— What you are asked to do —
Every word in the data below belongs in your copy, exactly as given; the pictures do not.

— Information shown —
------------------------------------------------------------
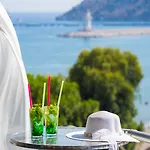 Bueyuek Hotel (Adults Only)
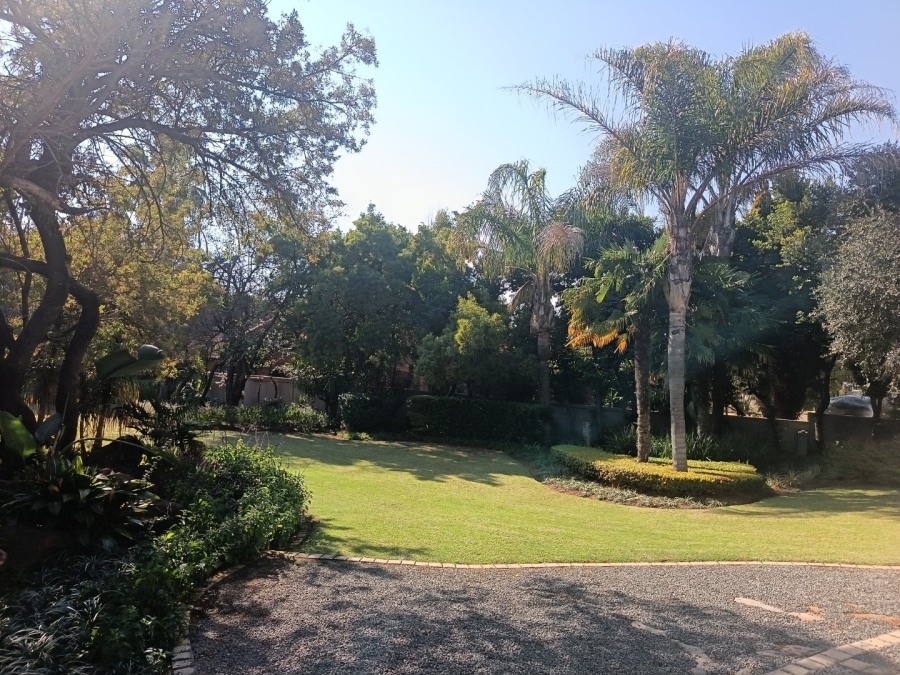 5 Bedroom Property for Sale in Silver Lakes Golf Estate Gauteng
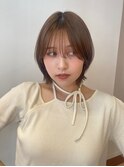 シースルーバング×透明感ベージュカラーで大人っぽボブ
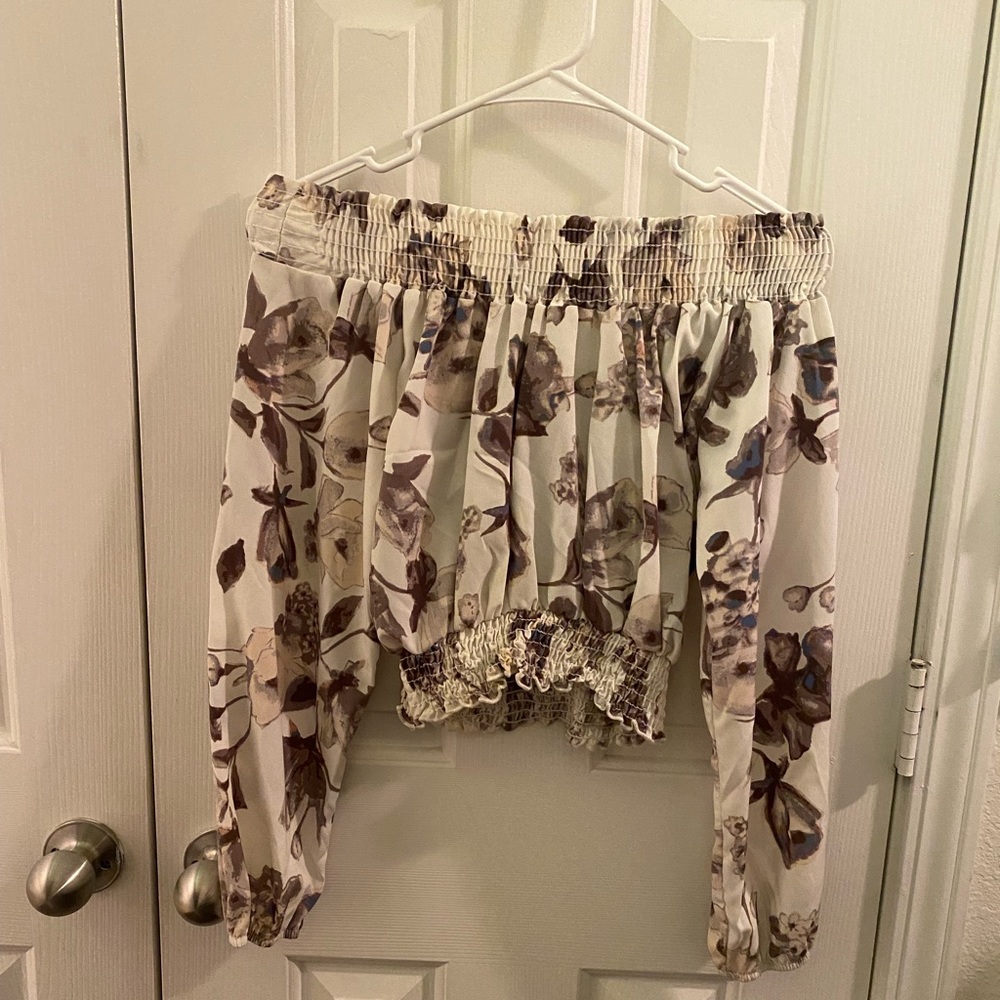 Off the shoulder floral crop top
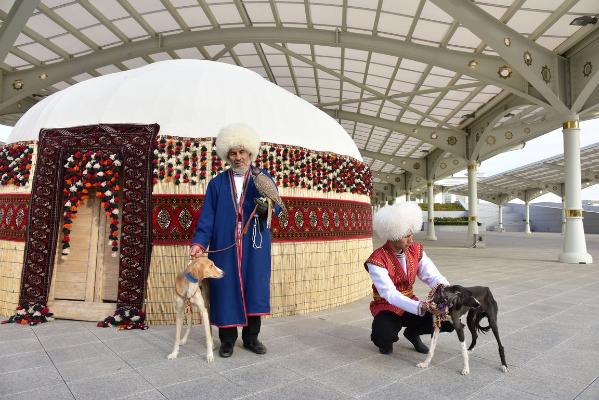 В ТППТ открылась выставка, посвященная культурным ценностям туркменского народа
------------------------------------------------------------
— Written answer —
 Bueyuek Hotel (Adults Only)
 5 Bedroom Property for Sale in Silver Lakes Golf Estate Gauteng
 シースルーバング×透明感ベージュカラーで大人っぽボブ
 Off the shoulder floral crop top
 В ТППТ открылась выставка, посвященная культурным ценностям туркменского народа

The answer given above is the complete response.